Useful results in the the diagnosis and monitoring of allergic responses
From their results, the team was able to make some extremely encouraging conclusions. Firstly, that from the participants’ immune signatures, it was possible to discriminate between those with or without an allergic response. In the cases of an allergic response, it was generally seen that specific blood immune cells tended to be fewer in number, but with an increased expression of ‘homing markers’; indications that these cells are better equipped to enter affected tissues resulting in symptoms. Those patients without an allergic response despite having received a sufficiently high allergen dose still showed signs of ongoing inflammation, but in a much more controlled manner, with cells less able to penetrate affected tissues.
A second success was the ability to identify groups of children that tolerated higher or lower doses of peanuts before developing an allergic response, based on variations in the abundance of certain white blood cells and other key immune cells. The results were even able to determine whether the symptoms experienced were primarily related to the skin or gastrointestinal tract. As such, this meant that this kind of analysis could prove extremely useful in the diagnosis and monitoring of allergic responses.
“This is the first in-human study to directly analyse the in-vivo immune response during allergic reactions to food. Not only could blood biomarkers help to reduce diagnostic food challenges, but with the knowledge we gain by analysing our immune response in-vivo, it may ultimately enable us to better treat and prevent food allergies in the future.”

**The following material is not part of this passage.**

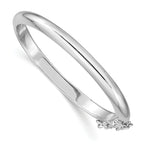 Sterling Silver RH-plated Polished 4mm w/ Safety Hinged Children's Bangle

Rebecca Czolk, PhD student and study co-author
The study was recently published in the highly acclaimed academic journal ‘Allergy’, under the full title “High-dimensional immune profiles correlate with phenotypes of peanut allergy during food-allergic reactions” (DOI: 10.1111/all.15408).
Funding and collaborations
This study was supported by the Luxembourg National Research Fund on PRIDE program grants PRIDE/11012546/NEXTIMMUNE (JK, GM, CH, MO, AK) and PRIDE17/11823097/MICROH (RC, AK); supported by the Personalized Medicine Consortium grant APSIS, PMC/2017/02 (AK) and by intramural funds of the Ministry of Higher Education and Research (MESR), Luxembourg (AC, CH, MO, AK).